1. Create a `.csv` file containing paths to the desired slides & associated annotation masks:

    ```csv
    wsi_path,mask_path
    /path/to/slide1.tif,/path/to/mask1.tif
    /path/to/slide2.tif,/path/to/mask2.tif
    ...
    ```

2. Create a configuration file

    A good starting point is to look at the default configuration file under `hs2p/configs/default.yaml` where parameters are documented.

3. Kick off tile sampling

    ```shell
    python3 -m hs2p.sampling --config-file </path/to/config.yaml>
    ```

## Output structure

Both `tiling.py` and `sampling.py` produce a similar output structure in the specified output directory.

### Coordinates

The `coordinates/` folder contains a `.npy` file for each successfully processed slide.  
This file stores a numpy array of shape `(num_tiles, 7)` containing the following information for each tile:

1. **`x`**: x-coordinate of the tile at level 0
2. **`y`**: y-coordinate of the tile at level 0
3. **`tile_level`**: pyramid level at which the tile was extracted
4. **`tile_size_resized`**: size of the tile at the extraction level, which may differ from the requested tile size if the target spacing was not available
5. **`resize_factor`**: ratio between `tile_size_resized` and the requested tile size, useful for resizing when loading the tile
6. **`tile_size_lv0`**: tile size scaled to the slide's level 0
7. **`target_spacing`**: spacing at which the user requested the tile (in microns per pixel)

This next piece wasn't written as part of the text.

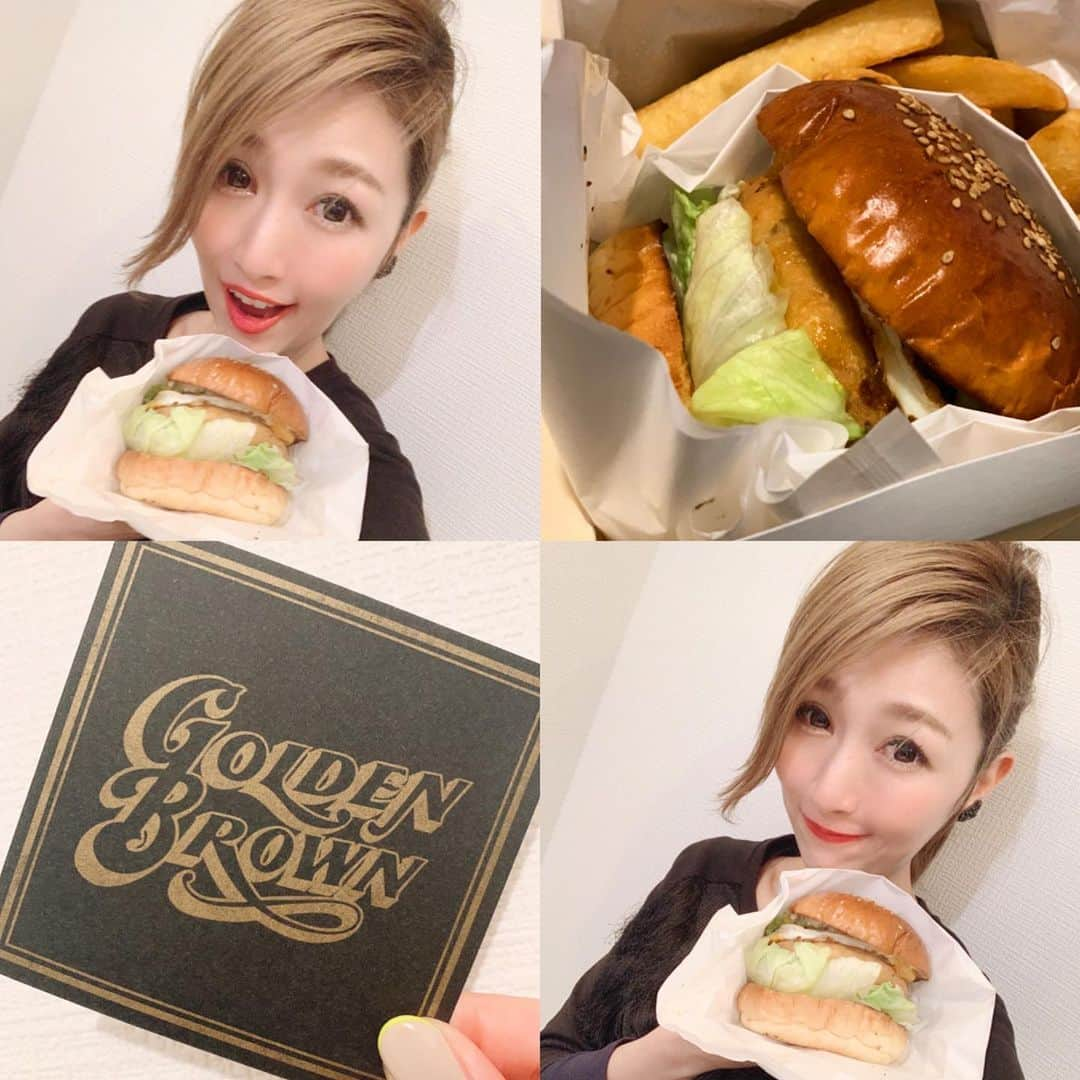 梅野舞さんのインスタグラム写真 - (梅野舞Instagram)「GOLDEN BROWNの 豆腐とごぼうのベジバーガー🍔 トッピングで アボカド🥑チーズ🧀 更に 重量感のあるバーガーに❤️ これ大好き💕 大きな口を開けて頬張るよ♬  #goldenbrown #ハンバーガー#ベジバーガー#豆腐#ごぼう#トッピング#アボカド#チーズ#ボリューム満点 #food#instafood #instagram#instagood #instagramjapan」4月20日 19時26分 - mai.umeno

### Visualization (optional)

If `visualize` is set to `true`, a `visualization/` folder is created containing low-resolution images to verify the results:

- **`mask/`**: visualizations of the provided tissue (or annotation) mask
- **`tiling/`** (for `tiling.py`) or **`sampling/`** (for `sampling.py`): visualizations of the extracted or sampled tiles overlaid on the slide. For `sampling.py`, this includes subfolders for each category defined in the sampling parameters (e.g., tumor, stroma, etc.)

These visualizations are useful for double-checking that the tiling or sampling process ran as expected.

### Process summary

- **`process_list.csv`**: a summary file listing each processed slide, indicating whether processing was successful or failed. If a failure occurred, the traceback is provided to help diagnose the issue.